### Available data
__________________________________________________

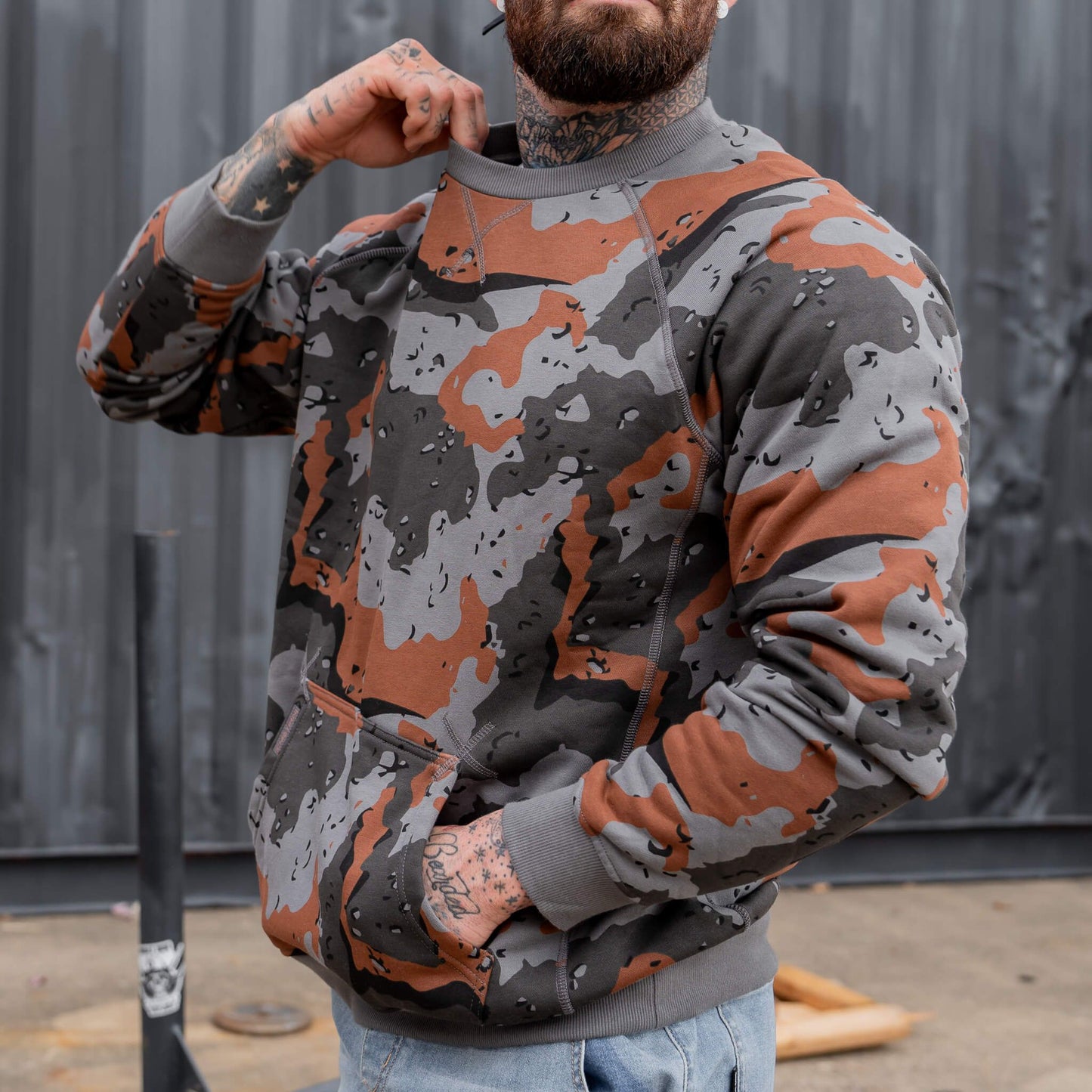 Men's Cold Weather Fleece Pull Over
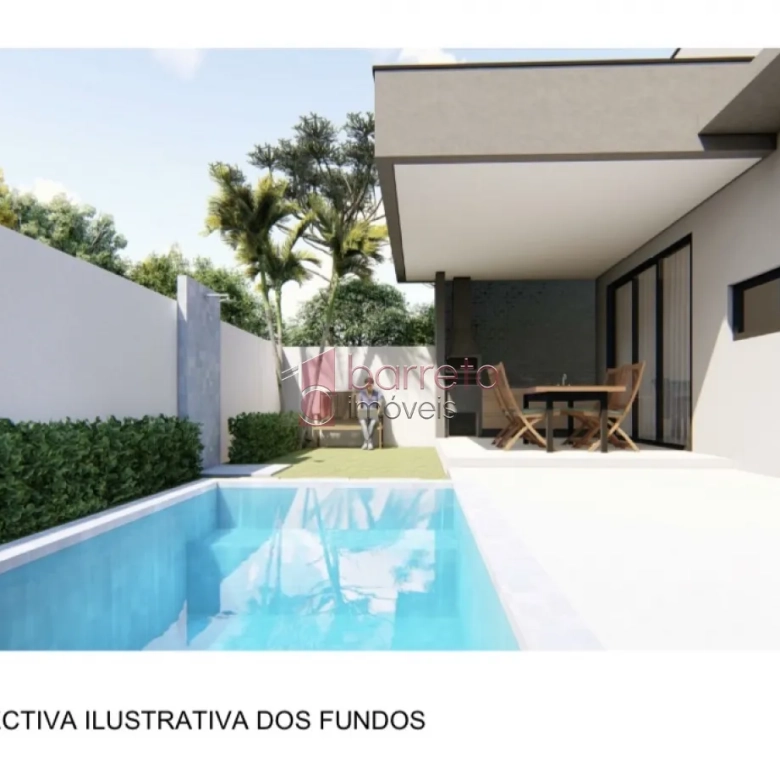 SOBRADO À VENDA – 03 QUARTOS – CONDOMÍNIO RESERVA ERMIDA II – JUNDIAÍ/SP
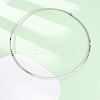 3MM 201 Stainless Steel Wire Choker Necklace NJEW-Z098-04P-4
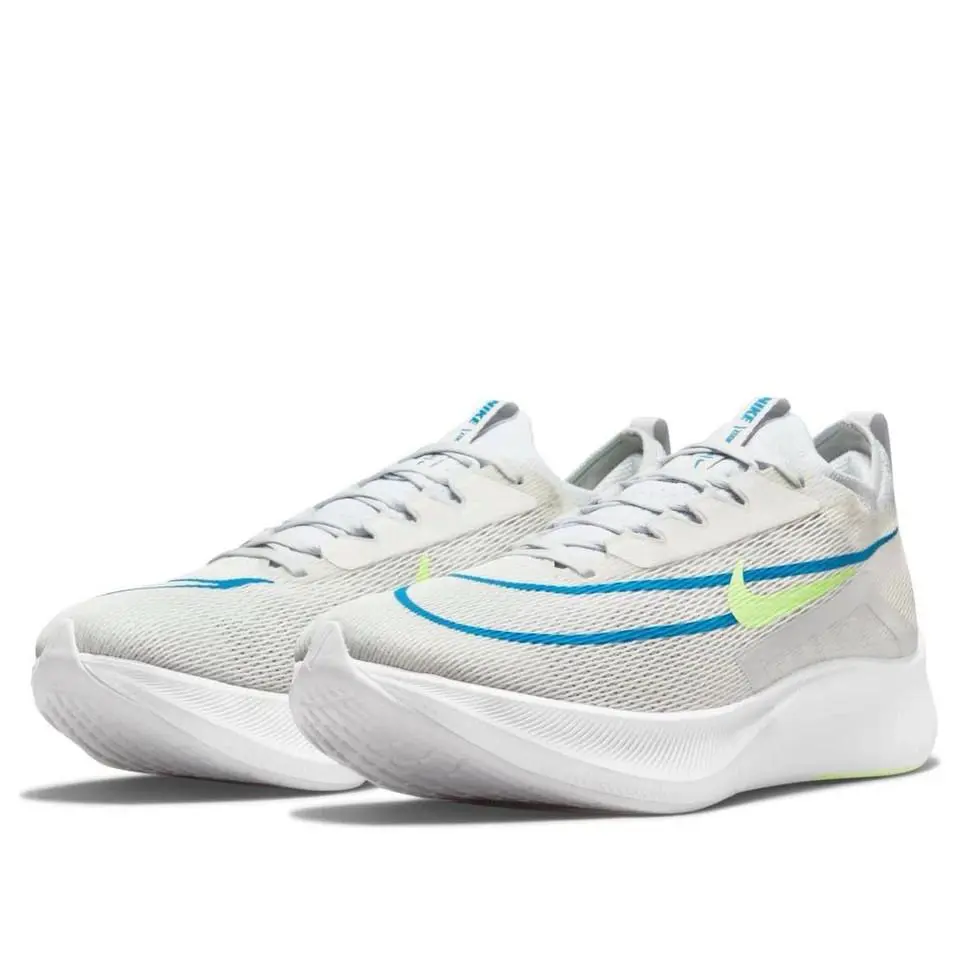Nike shoes - Nike Zoom Fly - Zoom Fly - CT2392-100 - SUMMIT WHITE LIME GLOW 7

__________________________________________________

### About this exercise
Repeat the material above word for word but skip the images.

### Reply
 Men's Cold Weather Fleece Pull Over
 SOBRADO À VENDA – 03 QUARTOS – CONDOMÍNIO RESERVA ERMIDA II – JUNDIAÍ/SP
 3MM 201 Stainless Steel Wire Choker Necklace NJEW-Z098-04P-4
Nike shoes - Nike Zoom Fly - Zoom Fly - CT2392-100 - SUMMIT WHITE LIME GLOW 7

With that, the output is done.